DETAILED DESCRIPTION

[0017] In the following detailed description, numerous specific details are set forth in order to provide a thorough understanding of the invention. However, it will be understood by those skilled in the relevant art that the present invention may be practiced without these specific details. In other instances, well-known methods, procedures, and components have not been described in detail so as not to obscure the present invention.

[0018] As previously described, localization is the process of adapting a product or computer program for a specific region or country, which is often referred to as a locale. Typically, localization is used for translating user interfaces and the supporting documentation of a product or computer program. A successfully localized product or computer program is one the appears to have been developed within the local culture. As a result, when developing products or computer programs designed for multiple locales, it is beneficial for developers and software localization teams to have a tool, such as the present invention, to aid in the localization effort.

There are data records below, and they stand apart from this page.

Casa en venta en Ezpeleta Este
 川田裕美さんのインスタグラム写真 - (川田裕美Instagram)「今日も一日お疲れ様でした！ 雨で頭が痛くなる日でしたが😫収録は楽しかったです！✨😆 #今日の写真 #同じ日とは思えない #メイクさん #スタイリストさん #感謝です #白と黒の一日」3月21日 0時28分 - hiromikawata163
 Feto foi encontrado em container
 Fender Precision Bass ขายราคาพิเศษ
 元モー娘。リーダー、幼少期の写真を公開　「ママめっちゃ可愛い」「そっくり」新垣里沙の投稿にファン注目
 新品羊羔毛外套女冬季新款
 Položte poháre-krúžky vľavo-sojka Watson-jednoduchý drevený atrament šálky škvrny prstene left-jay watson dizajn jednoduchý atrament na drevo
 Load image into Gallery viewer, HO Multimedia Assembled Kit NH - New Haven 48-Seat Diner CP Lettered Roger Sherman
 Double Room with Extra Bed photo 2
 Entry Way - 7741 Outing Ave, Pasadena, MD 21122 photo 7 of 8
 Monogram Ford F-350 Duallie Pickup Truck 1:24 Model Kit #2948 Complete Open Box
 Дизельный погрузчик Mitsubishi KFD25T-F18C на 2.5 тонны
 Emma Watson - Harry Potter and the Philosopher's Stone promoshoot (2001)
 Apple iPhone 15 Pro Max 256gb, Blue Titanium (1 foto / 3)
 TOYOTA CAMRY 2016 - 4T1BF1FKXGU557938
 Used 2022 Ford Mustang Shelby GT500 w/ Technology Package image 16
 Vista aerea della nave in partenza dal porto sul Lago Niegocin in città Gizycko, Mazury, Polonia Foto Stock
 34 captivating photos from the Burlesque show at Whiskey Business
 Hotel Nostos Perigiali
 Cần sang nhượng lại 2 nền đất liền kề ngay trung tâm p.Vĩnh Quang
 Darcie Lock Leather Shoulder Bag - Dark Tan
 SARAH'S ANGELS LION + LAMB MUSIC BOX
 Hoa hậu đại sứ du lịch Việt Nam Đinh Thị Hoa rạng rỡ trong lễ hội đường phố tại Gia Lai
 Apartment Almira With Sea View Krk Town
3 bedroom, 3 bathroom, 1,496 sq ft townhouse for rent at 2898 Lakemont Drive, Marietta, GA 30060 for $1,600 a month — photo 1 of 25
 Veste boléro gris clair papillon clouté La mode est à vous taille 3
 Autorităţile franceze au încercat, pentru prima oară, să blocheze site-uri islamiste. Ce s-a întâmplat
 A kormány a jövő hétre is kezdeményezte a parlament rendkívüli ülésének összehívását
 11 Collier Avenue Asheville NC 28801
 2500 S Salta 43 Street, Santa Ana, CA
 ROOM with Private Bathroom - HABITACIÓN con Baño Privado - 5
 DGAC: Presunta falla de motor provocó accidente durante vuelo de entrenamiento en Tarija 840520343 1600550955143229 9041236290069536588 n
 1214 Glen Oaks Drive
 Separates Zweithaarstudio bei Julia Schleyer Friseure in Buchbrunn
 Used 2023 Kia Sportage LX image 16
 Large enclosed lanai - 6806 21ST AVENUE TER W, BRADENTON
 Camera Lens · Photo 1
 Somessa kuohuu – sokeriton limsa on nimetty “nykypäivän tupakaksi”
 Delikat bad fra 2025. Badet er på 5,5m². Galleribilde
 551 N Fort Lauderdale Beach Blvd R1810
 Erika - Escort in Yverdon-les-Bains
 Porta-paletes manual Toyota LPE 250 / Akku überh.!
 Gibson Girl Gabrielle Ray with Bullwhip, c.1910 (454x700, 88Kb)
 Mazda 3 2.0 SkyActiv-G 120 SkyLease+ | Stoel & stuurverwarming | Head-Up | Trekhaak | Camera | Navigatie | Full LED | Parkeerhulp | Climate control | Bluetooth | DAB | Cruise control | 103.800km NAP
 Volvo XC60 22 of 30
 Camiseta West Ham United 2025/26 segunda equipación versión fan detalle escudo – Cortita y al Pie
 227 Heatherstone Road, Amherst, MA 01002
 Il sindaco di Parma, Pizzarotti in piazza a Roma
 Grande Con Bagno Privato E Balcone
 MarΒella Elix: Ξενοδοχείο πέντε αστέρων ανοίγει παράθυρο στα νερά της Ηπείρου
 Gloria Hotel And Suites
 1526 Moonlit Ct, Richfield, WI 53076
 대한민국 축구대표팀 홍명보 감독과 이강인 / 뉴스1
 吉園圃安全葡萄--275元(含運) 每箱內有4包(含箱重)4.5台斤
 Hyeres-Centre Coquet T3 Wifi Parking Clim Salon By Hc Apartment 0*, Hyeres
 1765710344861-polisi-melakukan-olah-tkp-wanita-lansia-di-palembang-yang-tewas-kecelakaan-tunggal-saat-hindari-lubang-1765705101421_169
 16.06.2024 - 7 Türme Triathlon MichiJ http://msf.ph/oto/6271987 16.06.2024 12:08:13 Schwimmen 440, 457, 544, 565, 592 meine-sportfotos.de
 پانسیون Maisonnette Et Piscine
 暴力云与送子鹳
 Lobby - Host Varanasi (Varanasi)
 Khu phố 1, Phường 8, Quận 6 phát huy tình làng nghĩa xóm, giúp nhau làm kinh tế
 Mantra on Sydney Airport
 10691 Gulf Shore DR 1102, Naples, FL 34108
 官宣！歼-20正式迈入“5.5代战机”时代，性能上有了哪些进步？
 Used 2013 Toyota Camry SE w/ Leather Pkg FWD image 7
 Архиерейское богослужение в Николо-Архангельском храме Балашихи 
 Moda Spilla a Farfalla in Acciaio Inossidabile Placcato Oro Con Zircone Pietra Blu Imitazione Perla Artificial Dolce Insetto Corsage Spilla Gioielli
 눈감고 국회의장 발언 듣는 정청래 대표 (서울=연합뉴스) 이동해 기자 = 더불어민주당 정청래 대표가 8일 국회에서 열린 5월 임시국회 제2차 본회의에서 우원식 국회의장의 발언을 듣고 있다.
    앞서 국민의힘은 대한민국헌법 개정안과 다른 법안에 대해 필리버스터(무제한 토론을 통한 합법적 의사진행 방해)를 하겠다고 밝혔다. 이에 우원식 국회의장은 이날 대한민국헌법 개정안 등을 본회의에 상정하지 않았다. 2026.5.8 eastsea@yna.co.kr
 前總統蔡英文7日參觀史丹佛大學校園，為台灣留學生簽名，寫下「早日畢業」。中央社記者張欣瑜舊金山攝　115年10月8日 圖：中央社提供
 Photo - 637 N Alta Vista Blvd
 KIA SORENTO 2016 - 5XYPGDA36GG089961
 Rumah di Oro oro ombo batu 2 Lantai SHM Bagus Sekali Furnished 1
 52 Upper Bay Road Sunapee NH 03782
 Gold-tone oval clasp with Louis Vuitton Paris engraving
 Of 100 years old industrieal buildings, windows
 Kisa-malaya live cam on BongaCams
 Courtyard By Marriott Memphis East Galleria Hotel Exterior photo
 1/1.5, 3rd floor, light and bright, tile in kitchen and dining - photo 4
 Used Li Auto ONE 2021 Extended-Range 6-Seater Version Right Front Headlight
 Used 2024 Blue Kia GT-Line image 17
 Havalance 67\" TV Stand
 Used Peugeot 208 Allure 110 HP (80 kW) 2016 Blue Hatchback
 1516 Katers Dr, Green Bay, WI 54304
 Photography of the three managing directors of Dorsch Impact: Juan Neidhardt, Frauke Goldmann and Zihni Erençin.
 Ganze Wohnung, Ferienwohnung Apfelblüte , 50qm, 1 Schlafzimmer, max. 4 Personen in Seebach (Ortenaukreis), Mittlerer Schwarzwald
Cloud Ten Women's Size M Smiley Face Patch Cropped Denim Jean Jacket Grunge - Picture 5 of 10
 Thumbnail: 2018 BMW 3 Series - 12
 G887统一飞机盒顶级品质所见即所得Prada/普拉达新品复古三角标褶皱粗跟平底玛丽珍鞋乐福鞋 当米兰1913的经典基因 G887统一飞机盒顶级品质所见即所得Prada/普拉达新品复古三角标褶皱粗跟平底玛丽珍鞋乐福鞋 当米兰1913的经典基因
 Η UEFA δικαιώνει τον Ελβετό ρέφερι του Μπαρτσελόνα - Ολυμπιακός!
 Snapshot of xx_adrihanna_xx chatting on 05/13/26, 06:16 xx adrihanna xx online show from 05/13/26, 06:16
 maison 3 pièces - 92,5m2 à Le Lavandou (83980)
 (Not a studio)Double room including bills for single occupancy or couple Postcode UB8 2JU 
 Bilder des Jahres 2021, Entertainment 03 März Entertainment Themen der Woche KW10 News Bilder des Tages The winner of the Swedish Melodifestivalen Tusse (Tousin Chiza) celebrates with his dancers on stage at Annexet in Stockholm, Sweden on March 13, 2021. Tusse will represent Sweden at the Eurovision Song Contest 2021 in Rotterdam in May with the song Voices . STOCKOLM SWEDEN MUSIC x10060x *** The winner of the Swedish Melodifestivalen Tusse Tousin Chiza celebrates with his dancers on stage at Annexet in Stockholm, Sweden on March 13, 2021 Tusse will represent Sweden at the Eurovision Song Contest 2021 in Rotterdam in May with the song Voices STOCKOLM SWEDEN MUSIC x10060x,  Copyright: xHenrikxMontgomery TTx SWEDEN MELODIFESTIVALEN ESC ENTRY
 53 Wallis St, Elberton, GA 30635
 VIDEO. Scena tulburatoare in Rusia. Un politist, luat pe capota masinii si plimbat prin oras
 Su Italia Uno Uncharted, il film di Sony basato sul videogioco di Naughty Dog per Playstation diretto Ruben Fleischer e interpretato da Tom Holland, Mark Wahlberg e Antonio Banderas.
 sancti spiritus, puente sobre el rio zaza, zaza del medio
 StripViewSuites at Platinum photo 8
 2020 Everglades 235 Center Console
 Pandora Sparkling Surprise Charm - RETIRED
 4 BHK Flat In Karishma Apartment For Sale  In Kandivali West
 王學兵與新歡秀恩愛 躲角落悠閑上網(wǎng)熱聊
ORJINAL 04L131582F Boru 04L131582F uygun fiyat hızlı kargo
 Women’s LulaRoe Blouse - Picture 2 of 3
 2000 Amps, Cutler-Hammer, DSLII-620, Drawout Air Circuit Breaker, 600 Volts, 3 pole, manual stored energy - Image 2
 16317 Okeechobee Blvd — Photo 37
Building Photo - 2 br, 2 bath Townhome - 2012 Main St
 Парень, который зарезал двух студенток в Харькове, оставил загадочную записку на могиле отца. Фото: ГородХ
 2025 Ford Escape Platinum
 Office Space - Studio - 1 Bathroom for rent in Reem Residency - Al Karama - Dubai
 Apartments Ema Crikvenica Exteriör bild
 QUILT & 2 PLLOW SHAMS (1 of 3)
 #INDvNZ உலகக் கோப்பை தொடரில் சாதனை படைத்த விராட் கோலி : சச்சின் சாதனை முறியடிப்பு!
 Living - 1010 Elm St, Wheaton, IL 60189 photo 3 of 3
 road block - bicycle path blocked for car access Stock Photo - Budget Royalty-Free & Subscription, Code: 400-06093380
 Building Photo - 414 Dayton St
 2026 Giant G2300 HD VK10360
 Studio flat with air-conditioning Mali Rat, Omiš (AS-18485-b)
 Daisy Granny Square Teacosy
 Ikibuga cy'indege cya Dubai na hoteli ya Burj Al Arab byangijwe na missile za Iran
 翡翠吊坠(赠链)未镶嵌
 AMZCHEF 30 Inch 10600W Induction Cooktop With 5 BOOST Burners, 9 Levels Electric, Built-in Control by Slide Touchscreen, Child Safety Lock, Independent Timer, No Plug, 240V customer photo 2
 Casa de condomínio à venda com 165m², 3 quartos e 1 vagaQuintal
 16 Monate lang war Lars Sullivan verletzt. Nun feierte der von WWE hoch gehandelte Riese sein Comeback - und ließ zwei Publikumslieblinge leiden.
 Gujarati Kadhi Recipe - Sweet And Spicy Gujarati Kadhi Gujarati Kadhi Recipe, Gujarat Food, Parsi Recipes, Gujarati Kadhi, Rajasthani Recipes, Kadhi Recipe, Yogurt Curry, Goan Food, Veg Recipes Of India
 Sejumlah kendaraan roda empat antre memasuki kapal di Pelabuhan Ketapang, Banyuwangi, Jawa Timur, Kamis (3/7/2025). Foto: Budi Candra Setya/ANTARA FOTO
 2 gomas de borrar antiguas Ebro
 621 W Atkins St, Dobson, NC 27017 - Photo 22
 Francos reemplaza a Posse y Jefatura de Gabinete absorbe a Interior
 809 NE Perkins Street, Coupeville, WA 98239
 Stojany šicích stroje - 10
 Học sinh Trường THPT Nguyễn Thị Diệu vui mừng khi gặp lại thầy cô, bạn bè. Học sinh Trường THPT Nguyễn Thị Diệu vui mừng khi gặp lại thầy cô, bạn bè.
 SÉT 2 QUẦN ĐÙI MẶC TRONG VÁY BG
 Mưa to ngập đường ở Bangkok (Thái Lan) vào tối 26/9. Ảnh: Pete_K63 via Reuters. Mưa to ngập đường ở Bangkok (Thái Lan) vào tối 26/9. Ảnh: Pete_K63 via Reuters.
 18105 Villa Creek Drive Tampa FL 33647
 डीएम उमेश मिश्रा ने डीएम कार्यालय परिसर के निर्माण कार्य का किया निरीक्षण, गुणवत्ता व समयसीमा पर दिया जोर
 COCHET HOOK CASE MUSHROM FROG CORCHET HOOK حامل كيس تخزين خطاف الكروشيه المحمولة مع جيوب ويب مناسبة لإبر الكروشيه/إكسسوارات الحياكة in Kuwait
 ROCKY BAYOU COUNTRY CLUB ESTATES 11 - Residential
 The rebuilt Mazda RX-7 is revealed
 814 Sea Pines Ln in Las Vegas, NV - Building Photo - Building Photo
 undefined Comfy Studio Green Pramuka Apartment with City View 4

[0019] FIG. 1 illustrates a flow chart diagram of the localization effort involved in the translation from one locale to another locale in accordance with one embodiment of the present invention. As shown in block 110, a markup language document generally includes a sequence of characters or other symbols that are inserted at certain places in a text or word processing file to indicate how the file should look when it is printed or displayed or to describe the document's logical structure. Markup language documents can include documents such as Hypertext Markup Language (HTML), Extensible Markup Language (XML), and Java Server Pages™ (JSP), for example. In FIG. 1, block 110 illustrates a markup language document, that is localized by identifying at least one token within the markup language document, as shown in block 120. A token is at least one string made up of one or more characters that follow a recognizable pattern, such as a set of strings that have been parsed from a larger set of strings given a set of predefined classification rules. Using these pre-defined classification rules, token factories, in a parent-child framework for example, identify tokens.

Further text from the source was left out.